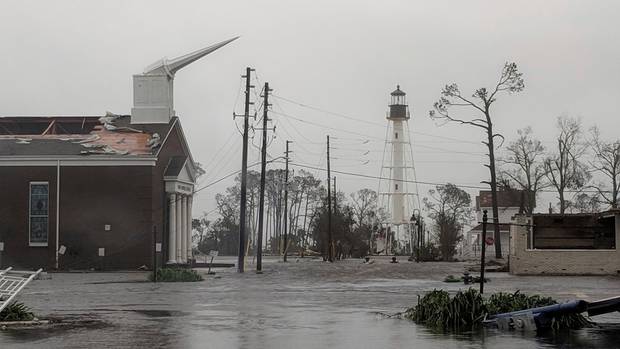 The First Baptist Church of Port St Joe, Florida, was significantly damaged. Photo / AP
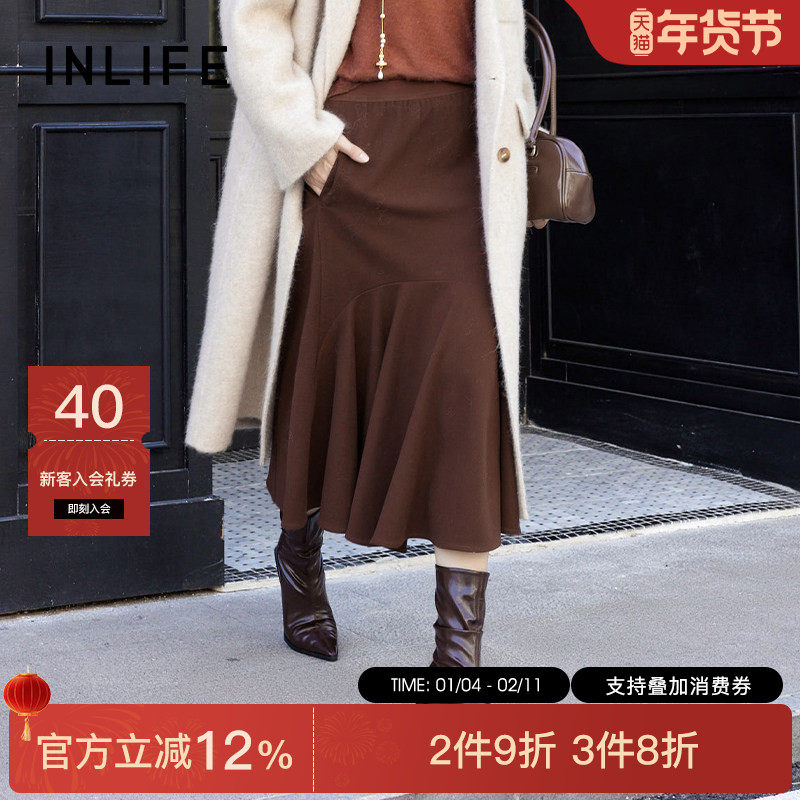 伊纳芙气质棕色高腰半身裙女冬季新款高级复古宽松休闲鱼尾裙长裙,女装/女士精品,半身裙,淘宝优惠券,粉丝福利购,淘宝优惠卷
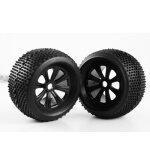 WC1051 Truggy Tires/Black Spoke Rims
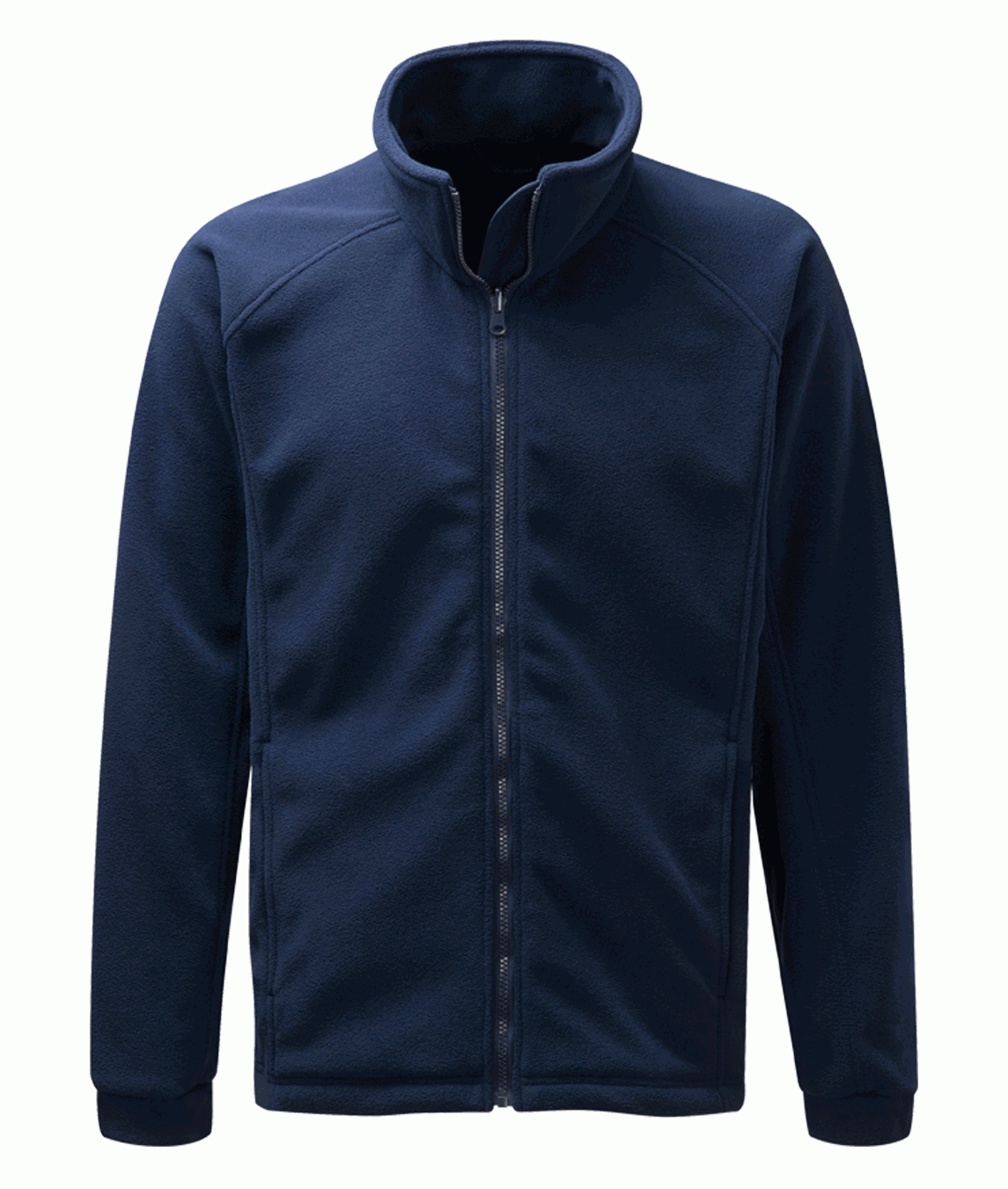 Heavy navy blue full-zip fleece jacket with high collar, minimalist stitching, and a clean silhouette designed for warmth, comfort, and layering flexibility in cold environments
○ ○ ○ ○
◆ **Work order**:
Print the data exactly, from its first line to the line containing "WC1051 Truggy Tires/Black Spoke Rims", both included. Omit the pictures.

◆ **Response for this exercise**:
 The First Baptist Church of Port St Joe, Florida, was significantly damaged. Photo / AP
 伊纳芙气质棕色高腰半身裙女冬季新款高级复古宽松休闲鱼尾裙长裙,女装/女士精品,半身裙,淘宝优惠券,粉丝福利购,淘宝优惠卷
 WC1051 Truggy Tires/Black Spoke Rims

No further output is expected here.